帰りはこの坂を自転車で上がったが途中から押した。

そういえば次女は昔、大塚駅のケーキ屋 a la campagneでバイトしていたが、大学から自転車で来て、帰りは夜遅くこの坂を上がったはず。上まで登り切ったのだろうか?

不忍通りの北は千石三丁目
公衆便所の緑地に暗渠を記念する細道があった。
不忍通り(写真の向こう)の斜度を緩やかにするため盛り土したから、この場所は川より高くなっている。

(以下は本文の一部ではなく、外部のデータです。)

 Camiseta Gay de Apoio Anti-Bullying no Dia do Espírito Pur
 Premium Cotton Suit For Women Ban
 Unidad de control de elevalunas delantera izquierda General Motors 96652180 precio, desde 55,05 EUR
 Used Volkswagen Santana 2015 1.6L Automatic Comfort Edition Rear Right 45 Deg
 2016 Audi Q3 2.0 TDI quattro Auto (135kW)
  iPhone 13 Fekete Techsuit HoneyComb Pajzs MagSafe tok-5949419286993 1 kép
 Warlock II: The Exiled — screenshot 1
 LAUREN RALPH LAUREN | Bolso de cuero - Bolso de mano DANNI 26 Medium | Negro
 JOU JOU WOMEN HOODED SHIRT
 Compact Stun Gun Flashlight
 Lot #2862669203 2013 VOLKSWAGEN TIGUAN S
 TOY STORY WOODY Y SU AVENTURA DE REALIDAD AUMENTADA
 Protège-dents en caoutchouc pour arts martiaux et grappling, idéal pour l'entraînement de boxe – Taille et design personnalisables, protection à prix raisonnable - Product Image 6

このあたり江戸時代は坂の上まで旗本池田甲斐守7000石の下屋敷、明治後は川崎財閥の屋敷があった。
細かく分譲後にできた坂だが川崎坂とする。

立派な擁壁。階段があり登ってみる。

コーシャハイム千石
東京都住宅供給公社の賃貸し住宅。2009年築。
川崎邸の跡である。
コーシャ坂とする。
坂下も大規模に再開発している。
池袋が見えた。

暗渠(大塚三業通りという)なおも北に行くと川崎邸が終わったからだろうか、坂道があった。
2020-05-02 砂利場坂
護国寺造営の際に砂利の採取場となっていたからという。
小石川というくらい、石が多い川で、即ち川岸の崖は小石が多い地層だったのだろう。

ちなみに千石という地名は石が千個ではなく、1967年の住居表示実施に伴い、千川と小石川から1字ずつとったようだ。

坂の上は落ち着いた邸宅街
江戸期は旗本、御家人が住んでいた。

台地の上を北に行くと西への下り坂があった。
まっすぐで広い。高い建物がなく、谷中の夕焼け段々より夕日がきれいに見える。
宮坂
坂の途中から右(北)は豊島区南大塚になる。
宮坂と言うが付近に神社はない。
このあたりもとは平岡丹波守の屋敷であったが、明治になって嘉納希芝(講道館治五郎の父)の屋敷となった。その後明治19年に有栖川宮熾仁親王の別邸となり、宮は40年ころまでしばしば訪れた。
大正時代になって尾張屋土地開発が区画整理して坂ができた。
1929(昭和4)年 巣鴨町
明治42年の地図では砂利場坂の北には東福寺まで山林と松浦邸しかなかったが、昭和初めの地図を見れば松浦邸の南が分譲され、松浦分譲地と鴻池信託分譲地ができている。宅地造成で道路と宮坂ができたようだ。

・・・・
白山台地の西の斜面は、東斜面と違ってまだまだ続く。
小石川(谷端川)がそれだけ大きいということだが、文京区最北端となったので、家に帰る。
2020-05-02
宮坂、砂利場坂の上からすぐ東、文京区千石のど真ん中に、地方都市のような古い家が並ぶ通りがあった。
一橋徳川邸の北の不忍通りからずっと、山手線をこえ、十文字学園、文京高校まで続く江戸橋通り。

地図を見れば江戸時代から幕臣が住んでいたのでほぼ今の街路のように区画整理されている。この古い道は中山道と平行に、畑の中を巣鴨村まで続いていた。
大正12年建築、登録有形文化財の伊勢五米店もこの通りである。
本郷通りの西さえあまり来ないのに、白山通りの西、北の端などまったく用事がない。
通り抜けることもなかった。
童心社
ここに来る前、数十メートルほど離れて東京化学同人もあった。
前の週に行った南谷寺横には医歯薬出版がある。
本郷ほどではないが、文京区は北の方でも住宅地の中に突然出版社と出くわす。坂下には印刷所が多いのも特徴である。

宮下公園
このあたり小石川宮下町といった。
近くに大鳥神社があるけど平坦だから宮下という地名は生まれない。
調べたら江戸時代、簸川神社のあたりにあった宮下町が白山御殿建設のため上地、代わりに巣鴨に土地を与えられ引っ越してきたという。
巣鴨大鳥神社
このあたり坂が全くないから散歩も面白くない。
しかし文京区の北西部は全く来ることがなかったので、ま、一度くらい歩いてよい。

不忍通りの一本北に平行して走る千石本町通り商店街は大原麗子の実家、和菓子の田月堂があるが、通らずに帰ってきてしまった。